Textbook broken window fallacy.

Isolated speaking, yes. However, you can consider it a cross-subsidy to enable other and presumably more worthy causes for high speed broadband than watching YouTube. Or you can assume that at some point we'll want higher bandwidth anyway for 4K TV so using a less efficient codec now means you're doing most of the roil-out for later when you'll use a more efficient codec. It's hardly unusual that creating less favorable conditions for some individuals may benefit the group as a whole or that different short-term incentives benefit the long term result.

Personally I consider broadband to be the electricity, telephone and running hot water of the 21st century, if you're not online you're more or less detached from contemporary society. Not that we all need to be on gigabit fiber, but dial-up just isn't cutting it anymore. Not like necessity of life because people lived without 100+ years ago and I guess in poorer parts of the world many do but it'd just not the way I'd like to live now.

Comment Re:Need the ISS (Score 3, Informative) 152

If the US wants to go to Mars for more than a single short mission, it's going to need the ISS or a replacement.

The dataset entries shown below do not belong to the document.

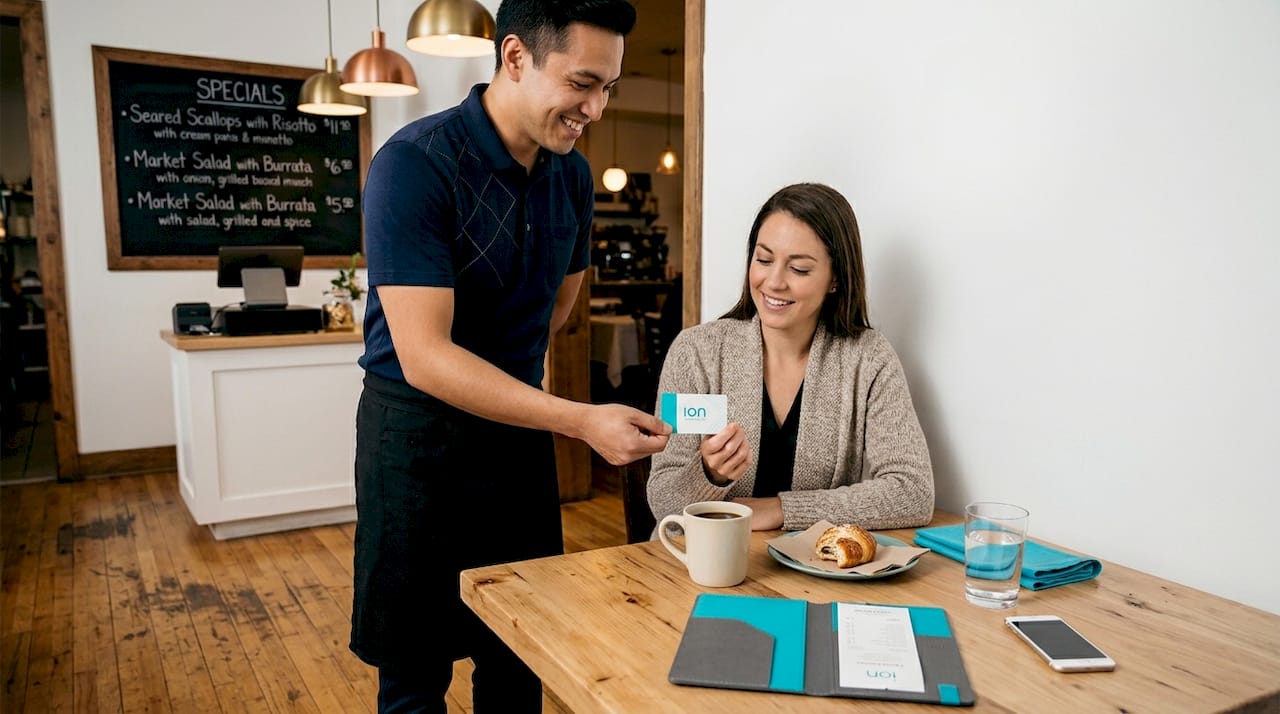 Server gives loyalty card to guest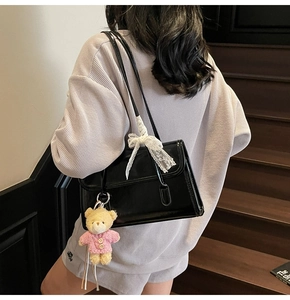 Detail view of black patent leather shoulder bag with lace bow and plush bear charm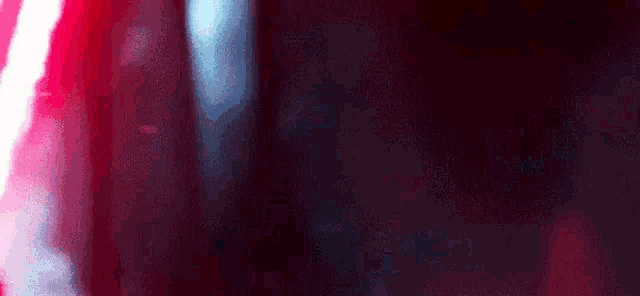 a close up of a red and white light on a black background .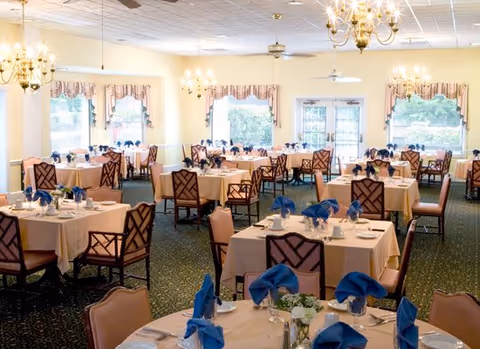 Large dining room with multiple set tables draped in light tablecloths and blue napkins, chandeliers, and windows overlooking greenery.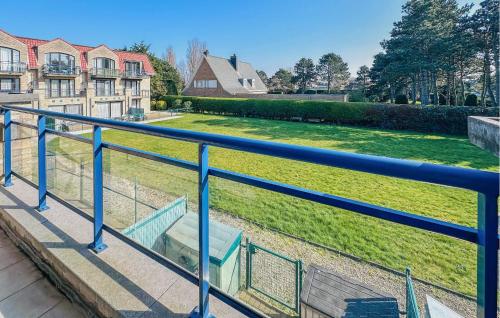 a blue bench sitting on a railing in a yard at Awesome Apartment In Bredene With Wifi in Bredene
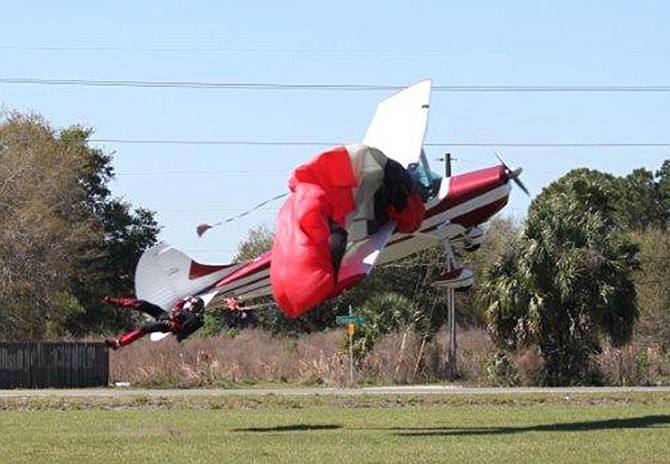 Cessna pilot Shannon Trembely struggles with the controls after snagging John Frost's parachute. Moments later, the Cessna nosedives into the ground and Frost falls with his parachute dangling uselessly.
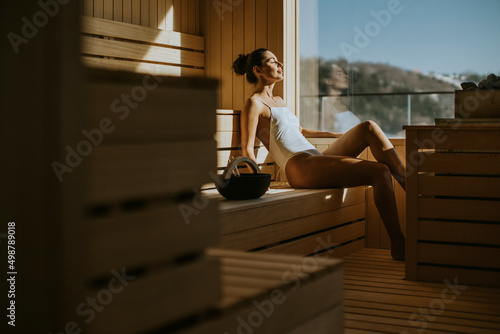 Young woman relaxing in the sauna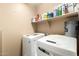 Functional laundry room featuring a modern washer and dryer set at 4038 E Wrangler Ct, Gilbert, AZ 85297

We'll need to be able to build ships in orbit so they aren't limited by the constraints of the first hundred or so miles of the trip (lifting the ship up from the surface to Earth orbit), that's the only way we'll be able to build them large enough for the crew, supplies and equipment needed for a mission of more than a week or two. And if we want this to be a sustained thing, sending more than a couple-three missions, we're going to need to be able to build ships without shipping the majority of their components up from surface.

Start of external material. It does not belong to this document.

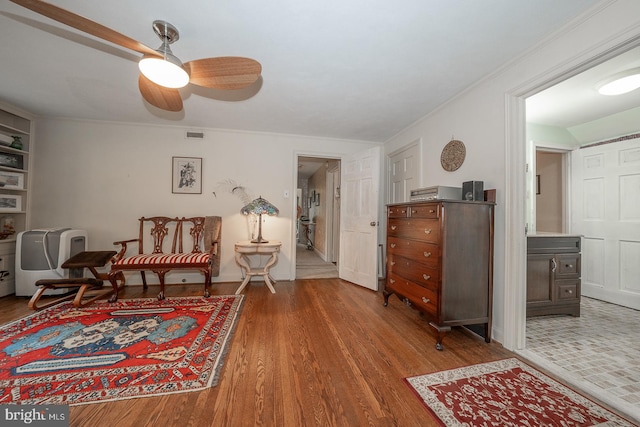 living area featuring ceiling fan, hardwood / wood-style flooring, and crown molding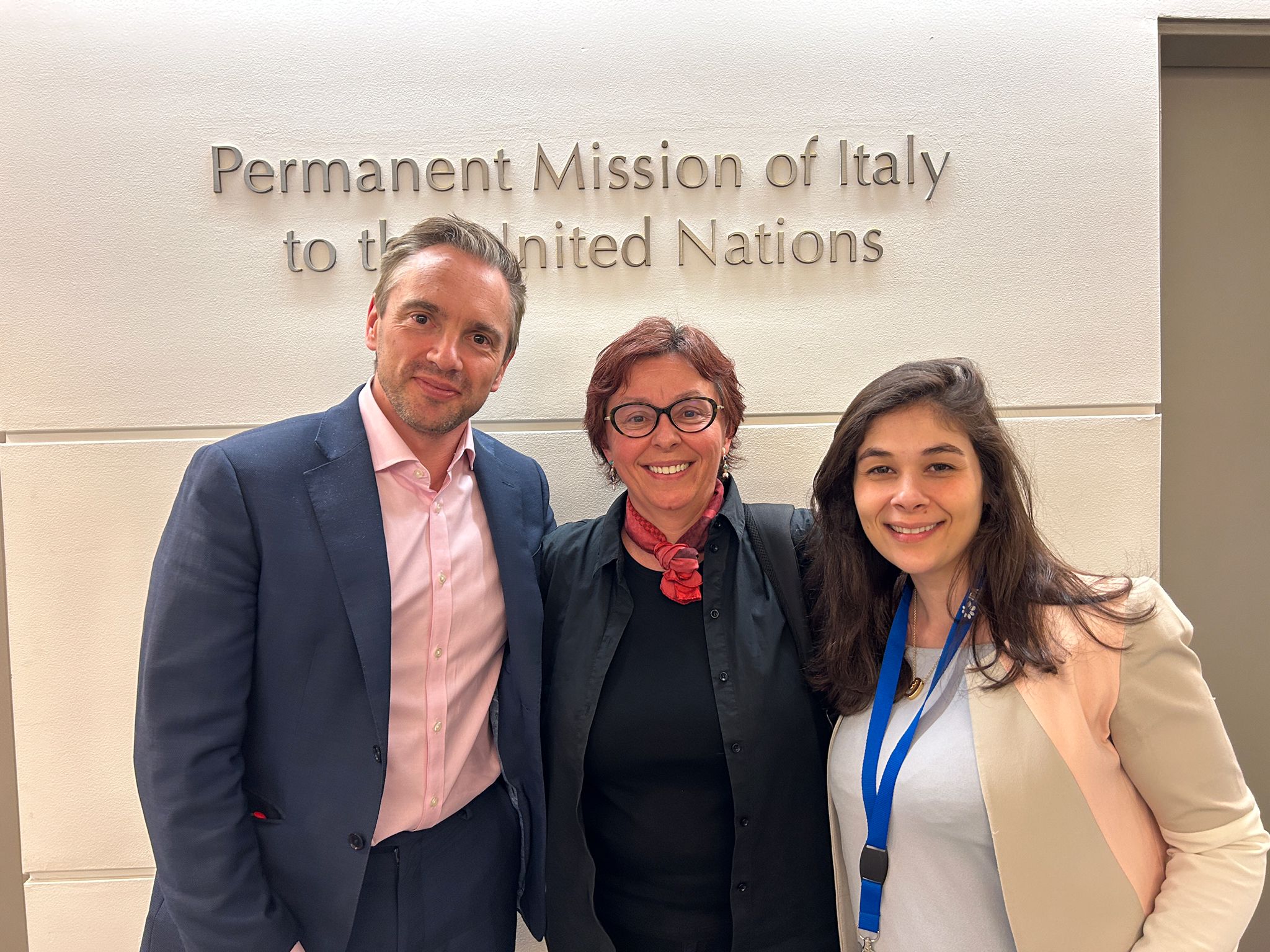Two women and a men pose in front of a sign that reads "Permanent Mission of Italy to the United Nations"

And the ISS will help how, exactly? The entire ISS came from the Earth's surface. Unless you have a really fancy plan to do asteroid/lunar mining, that's where all future materials will ultimately come from too. The ISS is way, way down in Earth's gravity well so if you could do mining you wouldn't build it there anyway. We can assemble a ship in orbit with or without the ISS, nothing really gets easier. What we're building must have a crew module, so any astronauts working on assembly can just live there. Not that I really see the need, the assemblies could dock like spaceships do and just interlock with bolts.

Star Trek has ruined a generation's sanity when it comes to space stations. The only reason you'd want a space station is so you can have a ship come in for maintenance, repair, upgrades or refueling in orbit so they don't have to go down the gravity well. If all you're doing is sending ships out never to return, it's a total waste of time. Unless you get to the point where you have a shuttle taking things from Earth orbit and Mars orbit and returning for a refuel it doesn't make sense. And it probably doesn't make sense unless you can refuel in Mars orbit. Which means it's not happening in this century.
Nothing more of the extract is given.